The worst level of torture happens in our own minds – mostly in the form of perceptions and lies.
I live in a state of an aching mind. The pressure behind the eyes. The mean reds. The emptiness in the pit of my gut, my heart, and my soul. And most of this ache is something I should be able to think my way out of, if I’m to embrace my own belief systems. I should be able to choose to be happier. I should be able to read something positive until I feel it. I should be able to think in truths and not get caught up in whatever lies I have allowed myself to believe that day.
But my aching mind has been here for months. Months and months and I just can’t kick it.

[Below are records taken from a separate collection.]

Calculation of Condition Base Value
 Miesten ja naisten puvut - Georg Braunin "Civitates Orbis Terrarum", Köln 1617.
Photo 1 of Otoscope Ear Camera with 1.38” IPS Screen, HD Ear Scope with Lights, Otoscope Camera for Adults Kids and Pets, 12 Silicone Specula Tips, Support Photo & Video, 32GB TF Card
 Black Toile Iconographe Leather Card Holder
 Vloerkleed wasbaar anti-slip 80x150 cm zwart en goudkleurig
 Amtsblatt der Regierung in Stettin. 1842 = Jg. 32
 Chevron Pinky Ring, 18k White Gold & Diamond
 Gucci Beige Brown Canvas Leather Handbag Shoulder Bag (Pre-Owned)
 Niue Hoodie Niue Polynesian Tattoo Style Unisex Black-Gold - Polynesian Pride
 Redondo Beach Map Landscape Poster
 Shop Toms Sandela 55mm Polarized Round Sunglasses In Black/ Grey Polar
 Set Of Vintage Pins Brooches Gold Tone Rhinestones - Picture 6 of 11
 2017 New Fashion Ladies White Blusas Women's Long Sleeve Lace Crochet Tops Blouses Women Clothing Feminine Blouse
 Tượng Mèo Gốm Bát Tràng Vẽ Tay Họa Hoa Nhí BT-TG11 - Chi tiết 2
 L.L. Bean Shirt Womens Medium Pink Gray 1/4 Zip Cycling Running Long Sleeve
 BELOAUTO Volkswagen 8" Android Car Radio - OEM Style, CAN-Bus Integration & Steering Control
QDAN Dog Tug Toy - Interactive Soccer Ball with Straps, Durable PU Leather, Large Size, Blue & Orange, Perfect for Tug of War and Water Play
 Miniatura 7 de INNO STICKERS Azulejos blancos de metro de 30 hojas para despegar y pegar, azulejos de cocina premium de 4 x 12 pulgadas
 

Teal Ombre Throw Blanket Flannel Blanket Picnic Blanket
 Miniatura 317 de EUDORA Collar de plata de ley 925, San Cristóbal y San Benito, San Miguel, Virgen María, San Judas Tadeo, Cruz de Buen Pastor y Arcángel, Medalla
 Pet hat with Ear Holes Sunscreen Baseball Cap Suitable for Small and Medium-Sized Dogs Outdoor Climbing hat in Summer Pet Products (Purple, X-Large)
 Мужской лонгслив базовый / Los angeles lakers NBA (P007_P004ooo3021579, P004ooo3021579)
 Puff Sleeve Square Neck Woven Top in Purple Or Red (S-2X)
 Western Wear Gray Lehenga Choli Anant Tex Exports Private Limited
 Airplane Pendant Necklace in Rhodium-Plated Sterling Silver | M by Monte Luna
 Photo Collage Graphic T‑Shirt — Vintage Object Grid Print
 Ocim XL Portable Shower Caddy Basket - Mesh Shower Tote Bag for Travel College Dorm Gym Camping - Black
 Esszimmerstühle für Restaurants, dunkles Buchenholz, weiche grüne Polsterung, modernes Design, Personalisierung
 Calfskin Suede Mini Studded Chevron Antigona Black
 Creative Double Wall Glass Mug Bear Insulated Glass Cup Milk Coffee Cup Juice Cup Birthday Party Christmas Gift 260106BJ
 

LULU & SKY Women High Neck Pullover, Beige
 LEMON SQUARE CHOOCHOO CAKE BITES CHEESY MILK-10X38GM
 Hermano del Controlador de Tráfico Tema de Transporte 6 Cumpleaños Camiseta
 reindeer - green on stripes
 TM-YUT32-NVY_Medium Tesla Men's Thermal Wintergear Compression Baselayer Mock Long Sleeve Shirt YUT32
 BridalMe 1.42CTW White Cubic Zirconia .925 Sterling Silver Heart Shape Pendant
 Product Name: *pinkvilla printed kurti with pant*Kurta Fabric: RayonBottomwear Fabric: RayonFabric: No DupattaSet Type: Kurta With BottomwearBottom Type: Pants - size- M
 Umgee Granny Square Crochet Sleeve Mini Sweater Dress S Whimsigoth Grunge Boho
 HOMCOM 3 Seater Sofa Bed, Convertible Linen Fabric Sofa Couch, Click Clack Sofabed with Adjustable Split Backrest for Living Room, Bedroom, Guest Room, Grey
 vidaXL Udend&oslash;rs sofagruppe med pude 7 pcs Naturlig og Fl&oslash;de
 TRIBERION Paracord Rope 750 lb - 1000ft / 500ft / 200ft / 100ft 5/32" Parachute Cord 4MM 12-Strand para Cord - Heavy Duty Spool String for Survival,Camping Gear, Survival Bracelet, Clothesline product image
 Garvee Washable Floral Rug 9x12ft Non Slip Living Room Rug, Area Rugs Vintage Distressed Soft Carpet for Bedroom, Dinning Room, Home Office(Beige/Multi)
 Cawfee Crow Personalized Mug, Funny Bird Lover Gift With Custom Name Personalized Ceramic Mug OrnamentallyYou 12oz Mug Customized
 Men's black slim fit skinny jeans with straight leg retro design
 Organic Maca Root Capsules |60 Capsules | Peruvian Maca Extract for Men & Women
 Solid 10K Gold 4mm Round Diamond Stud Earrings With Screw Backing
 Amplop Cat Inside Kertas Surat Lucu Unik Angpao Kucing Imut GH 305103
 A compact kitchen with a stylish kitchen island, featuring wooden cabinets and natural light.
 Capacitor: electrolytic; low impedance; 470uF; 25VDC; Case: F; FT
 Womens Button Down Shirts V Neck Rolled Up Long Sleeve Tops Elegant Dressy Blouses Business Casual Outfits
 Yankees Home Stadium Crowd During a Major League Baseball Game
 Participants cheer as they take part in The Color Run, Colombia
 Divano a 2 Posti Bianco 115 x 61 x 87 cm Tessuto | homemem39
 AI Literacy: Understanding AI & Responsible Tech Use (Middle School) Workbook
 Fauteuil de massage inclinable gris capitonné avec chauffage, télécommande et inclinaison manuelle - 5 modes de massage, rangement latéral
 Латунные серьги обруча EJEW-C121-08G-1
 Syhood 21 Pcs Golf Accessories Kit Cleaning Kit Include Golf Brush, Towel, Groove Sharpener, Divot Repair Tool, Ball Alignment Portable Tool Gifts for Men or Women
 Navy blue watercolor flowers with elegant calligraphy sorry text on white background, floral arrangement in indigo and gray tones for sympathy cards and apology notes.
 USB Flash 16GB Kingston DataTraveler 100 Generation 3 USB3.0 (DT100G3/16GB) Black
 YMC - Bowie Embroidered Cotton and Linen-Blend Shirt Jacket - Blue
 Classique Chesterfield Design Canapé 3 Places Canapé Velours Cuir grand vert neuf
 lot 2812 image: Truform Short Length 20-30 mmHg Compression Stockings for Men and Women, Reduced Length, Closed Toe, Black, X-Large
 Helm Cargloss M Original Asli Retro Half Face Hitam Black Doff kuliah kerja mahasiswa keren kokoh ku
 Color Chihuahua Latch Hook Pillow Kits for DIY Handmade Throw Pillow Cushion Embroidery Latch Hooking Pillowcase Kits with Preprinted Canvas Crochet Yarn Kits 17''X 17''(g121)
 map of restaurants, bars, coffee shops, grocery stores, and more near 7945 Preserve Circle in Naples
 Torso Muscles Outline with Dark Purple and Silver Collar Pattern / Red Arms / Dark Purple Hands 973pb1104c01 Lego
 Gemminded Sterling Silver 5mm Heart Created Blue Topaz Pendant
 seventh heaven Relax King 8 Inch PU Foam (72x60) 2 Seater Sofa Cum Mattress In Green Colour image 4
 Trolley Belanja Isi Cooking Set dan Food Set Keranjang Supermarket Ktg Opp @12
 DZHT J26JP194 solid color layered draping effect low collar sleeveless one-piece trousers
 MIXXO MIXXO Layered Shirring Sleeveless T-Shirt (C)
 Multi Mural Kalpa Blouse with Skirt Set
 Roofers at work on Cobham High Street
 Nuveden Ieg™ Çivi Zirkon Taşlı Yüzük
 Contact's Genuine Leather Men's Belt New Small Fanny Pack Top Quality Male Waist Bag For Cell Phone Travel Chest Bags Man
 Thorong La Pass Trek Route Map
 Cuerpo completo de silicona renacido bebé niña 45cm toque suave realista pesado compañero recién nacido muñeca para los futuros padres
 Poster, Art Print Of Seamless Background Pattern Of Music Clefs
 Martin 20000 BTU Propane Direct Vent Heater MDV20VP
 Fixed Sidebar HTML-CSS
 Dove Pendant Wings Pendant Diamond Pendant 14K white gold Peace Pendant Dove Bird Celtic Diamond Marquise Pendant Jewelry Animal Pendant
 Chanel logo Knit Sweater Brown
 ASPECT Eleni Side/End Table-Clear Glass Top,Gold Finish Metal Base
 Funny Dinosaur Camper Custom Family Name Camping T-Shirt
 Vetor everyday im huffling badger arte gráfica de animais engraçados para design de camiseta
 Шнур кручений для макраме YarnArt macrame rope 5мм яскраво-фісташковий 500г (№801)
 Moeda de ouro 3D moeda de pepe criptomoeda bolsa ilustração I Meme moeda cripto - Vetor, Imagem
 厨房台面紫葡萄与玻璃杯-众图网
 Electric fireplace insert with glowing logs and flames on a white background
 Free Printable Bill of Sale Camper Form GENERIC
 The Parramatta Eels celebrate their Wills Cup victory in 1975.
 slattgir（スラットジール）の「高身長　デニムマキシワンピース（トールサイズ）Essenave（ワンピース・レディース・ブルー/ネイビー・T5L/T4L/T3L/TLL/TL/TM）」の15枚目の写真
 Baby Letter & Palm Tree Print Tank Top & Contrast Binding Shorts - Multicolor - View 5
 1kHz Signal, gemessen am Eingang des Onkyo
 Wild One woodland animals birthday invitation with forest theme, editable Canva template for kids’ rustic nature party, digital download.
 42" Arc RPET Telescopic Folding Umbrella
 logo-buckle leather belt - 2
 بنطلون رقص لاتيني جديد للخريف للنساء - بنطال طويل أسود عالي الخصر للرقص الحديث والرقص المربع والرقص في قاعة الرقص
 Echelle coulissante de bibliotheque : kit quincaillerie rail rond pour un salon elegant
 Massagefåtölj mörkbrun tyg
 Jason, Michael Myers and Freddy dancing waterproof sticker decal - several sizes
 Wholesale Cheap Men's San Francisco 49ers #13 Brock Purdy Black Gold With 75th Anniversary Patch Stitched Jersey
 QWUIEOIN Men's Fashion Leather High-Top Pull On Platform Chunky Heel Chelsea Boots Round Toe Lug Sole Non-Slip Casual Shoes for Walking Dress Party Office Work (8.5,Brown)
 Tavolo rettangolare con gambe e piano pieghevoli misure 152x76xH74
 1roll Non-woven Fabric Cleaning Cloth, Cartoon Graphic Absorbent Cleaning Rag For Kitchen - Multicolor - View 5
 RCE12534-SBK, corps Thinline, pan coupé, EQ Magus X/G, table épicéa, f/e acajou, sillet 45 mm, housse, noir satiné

Eating doesn’t fix it. Working out doesn’t fix it. Reading suppresses it. Praying seems to make it worse – if only because my image of God is much like my memories of my own dad (smacking me on the head and saying, “Just don’t be stupid” as you can imagine is *so* helpful).
It’s that need to cry and not being able to. It’s the need to scream at the top of your lungs into a cavern and enjoy the echo back, but never having the opportunity to do so. It’s the need to sleep unabashedly half naked in the sunlight like I did when I was young and that being completely out of the question. It’s the need for something, something so generic and so specific at the same time it’s completely absurd and renders me inarticulate.
It’s a terrible want that I can’t kick. A want I’ve never had before so I don’t know how to kick it, really.
Anger is easy. I’ve learned to calm my anger. I’ve become quite an expert at completely suppressing it for someone else’s emotional well being. Frustration is not so easy, but putting frustration aside is a daily exercise when you are chronically poor and have a toddler. Wanting material things is easy to kick. Wanting a lot of things is easy to kick.
It’s easy to kick things you have similar experiences with… but how do you kick a feeling you’ve never had?
Wanting something you can’t even identify. Something so imbedded in your core it makes you physically ill. It’s torturous to see shadows and glimpses of this something, but it never comes fully to light. The ache, the want, just hiding around the bend and under a rock. Just out of reach. Just out of sight. But pulsing, and radiating, and letting you know that it’s there and that you are missing it.
In the mean time, I’ll bury myself in The Bridge of San Luis Rey, and see if I can put it off for another night.